→ **Directions for this task**
Emit a verbatim copy of the lines below from the line with "Used 2025 Mercedes-Benz" through the line with "1 habitación, tabla", excluding pictures and everything outside that range.

____ Working data

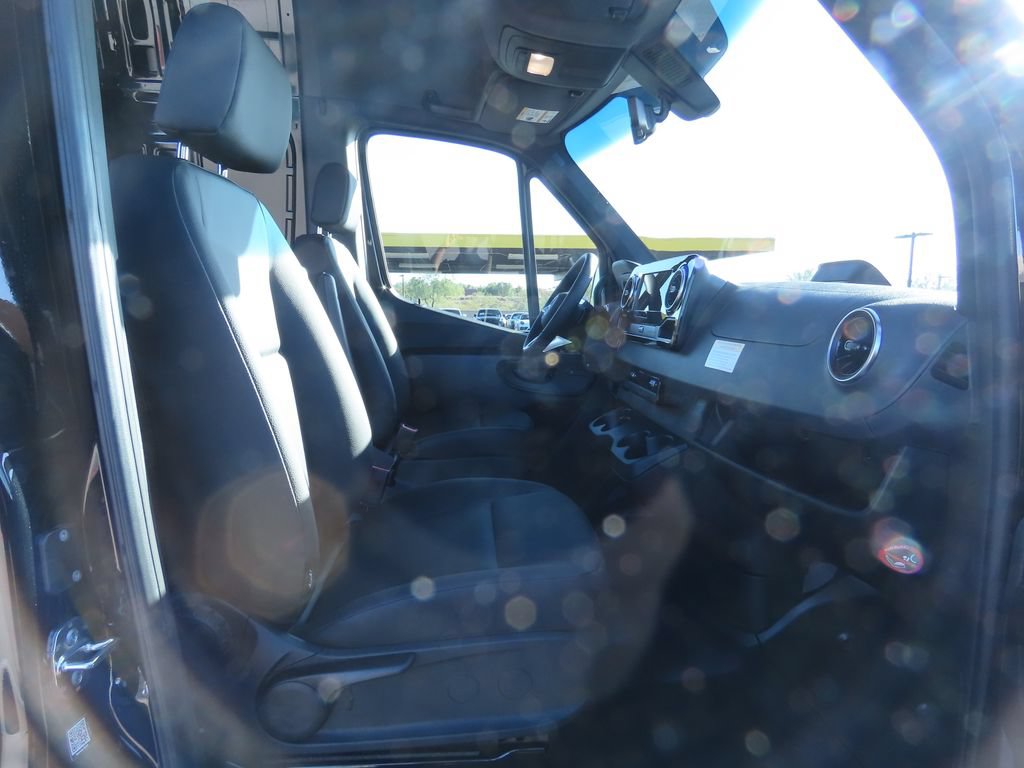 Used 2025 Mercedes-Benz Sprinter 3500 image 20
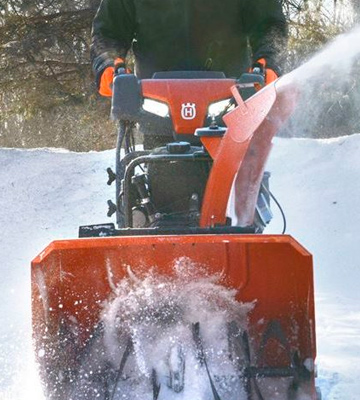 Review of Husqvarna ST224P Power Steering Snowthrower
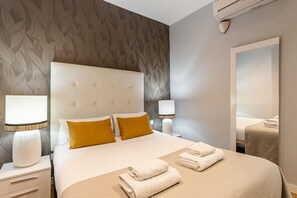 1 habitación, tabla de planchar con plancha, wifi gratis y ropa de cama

________
____ Working data

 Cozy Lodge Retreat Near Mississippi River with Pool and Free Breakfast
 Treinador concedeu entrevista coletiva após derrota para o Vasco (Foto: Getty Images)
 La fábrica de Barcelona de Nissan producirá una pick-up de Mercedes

________
____ Working data

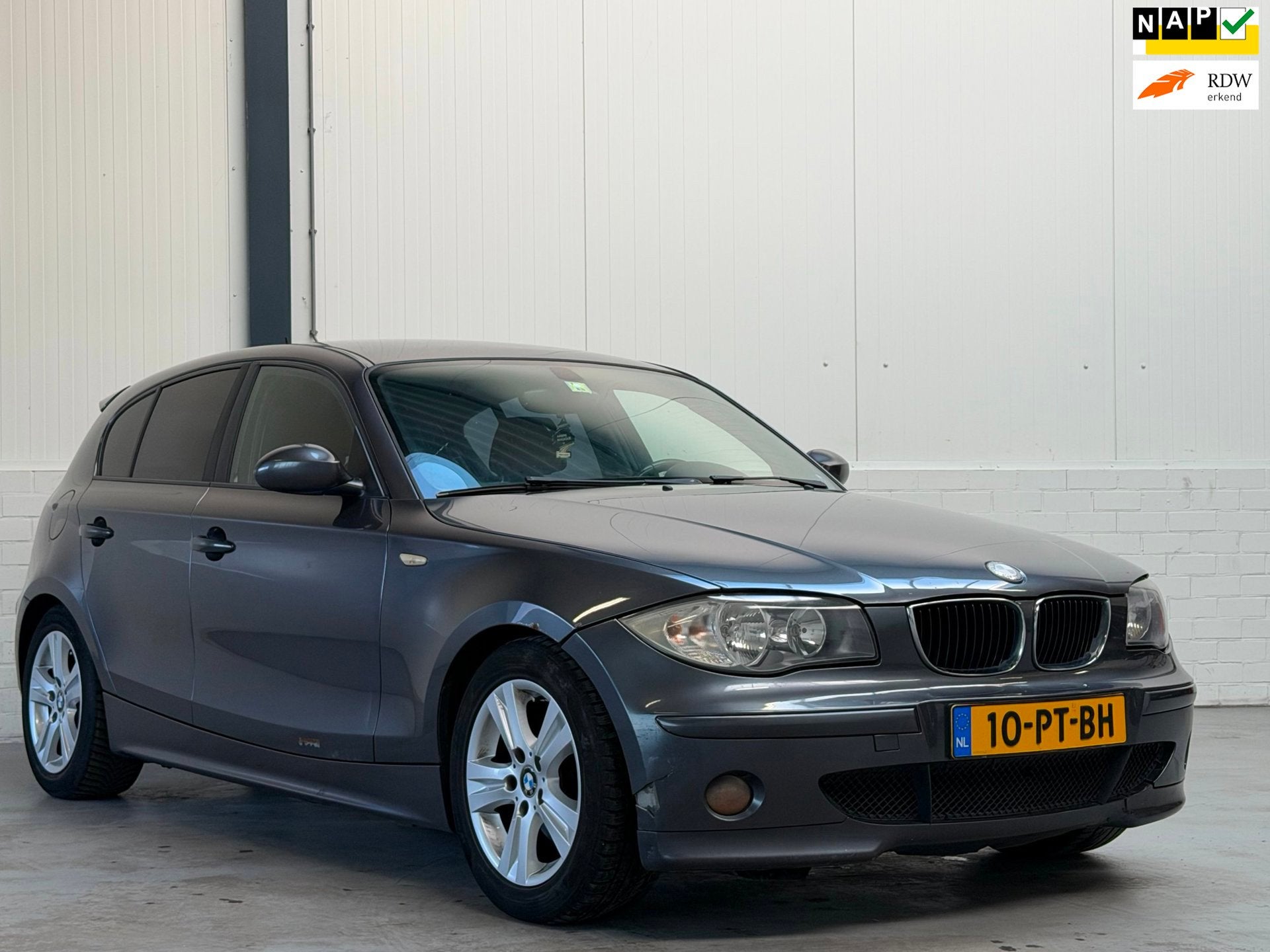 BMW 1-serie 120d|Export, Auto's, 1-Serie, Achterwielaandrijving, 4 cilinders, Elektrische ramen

________

→ **Reply to the exercise**
 Used 2025 Mercedes-Benz Sprinter 3500 image 20
 Review of Husqvarna ST224P Power Steering Snowthrower
 1 habitación, tabla de planchar con plancha, wifi gratis y ropa de cama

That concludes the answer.